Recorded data

BEGIN

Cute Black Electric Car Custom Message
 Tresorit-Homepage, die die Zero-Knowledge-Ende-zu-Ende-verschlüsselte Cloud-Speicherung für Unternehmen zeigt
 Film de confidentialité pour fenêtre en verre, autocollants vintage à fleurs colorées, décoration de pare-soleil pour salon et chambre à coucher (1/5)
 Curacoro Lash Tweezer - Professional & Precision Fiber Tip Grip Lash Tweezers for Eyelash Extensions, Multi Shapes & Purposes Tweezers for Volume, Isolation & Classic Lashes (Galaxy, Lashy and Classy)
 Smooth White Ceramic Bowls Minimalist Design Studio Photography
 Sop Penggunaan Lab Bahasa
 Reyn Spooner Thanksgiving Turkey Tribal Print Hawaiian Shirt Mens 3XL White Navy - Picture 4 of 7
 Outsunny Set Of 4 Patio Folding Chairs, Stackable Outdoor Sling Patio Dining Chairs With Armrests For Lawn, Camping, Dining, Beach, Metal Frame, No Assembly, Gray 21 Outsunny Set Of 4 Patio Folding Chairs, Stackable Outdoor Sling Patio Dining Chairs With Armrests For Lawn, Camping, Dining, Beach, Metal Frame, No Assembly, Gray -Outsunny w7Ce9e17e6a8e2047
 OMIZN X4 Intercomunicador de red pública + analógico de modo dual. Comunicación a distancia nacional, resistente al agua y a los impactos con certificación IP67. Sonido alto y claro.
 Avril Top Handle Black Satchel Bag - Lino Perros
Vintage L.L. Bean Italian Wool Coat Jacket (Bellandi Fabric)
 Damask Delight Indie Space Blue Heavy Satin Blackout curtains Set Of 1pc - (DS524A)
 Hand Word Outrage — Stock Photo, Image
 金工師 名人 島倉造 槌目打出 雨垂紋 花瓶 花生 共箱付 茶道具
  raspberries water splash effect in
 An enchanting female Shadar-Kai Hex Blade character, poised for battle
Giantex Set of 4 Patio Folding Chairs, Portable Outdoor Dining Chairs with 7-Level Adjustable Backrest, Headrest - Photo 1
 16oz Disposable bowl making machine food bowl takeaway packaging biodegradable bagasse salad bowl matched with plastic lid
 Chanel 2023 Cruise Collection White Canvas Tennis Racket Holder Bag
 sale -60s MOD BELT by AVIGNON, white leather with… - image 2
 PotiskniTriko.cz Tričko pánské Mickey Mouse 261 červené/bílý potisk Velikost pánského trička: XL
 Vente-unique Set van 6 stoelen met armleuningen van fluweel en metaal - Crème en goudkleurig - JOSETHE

END

Problem description
Lines with "Folding" in the records above: copy every one of them.

Output of the task
 Outsunny Set Of 4 Patio Folding Chairs, Stackable Outdoor Sling Patio Dining Chairs With Armrests For Lawn, Camping, Dining, Beach, Metal Frame, No Assembly, Gray 21 Outsunny Set Of 4 Patio Folding Chairs, Stackable Outdoor Sling Patio Dining Chairs With Armrests For Lawn, Camping, Dining, Beach, Metal Frame, No Assembly, Gray -Outsunny w7Ce9e17e6a8e2047
Giantex Set of 4 Patio Folding Chairs, Portable Outdoor Dining Chairs with 7-Level Adjustable Backrest, Headrest - Photo 1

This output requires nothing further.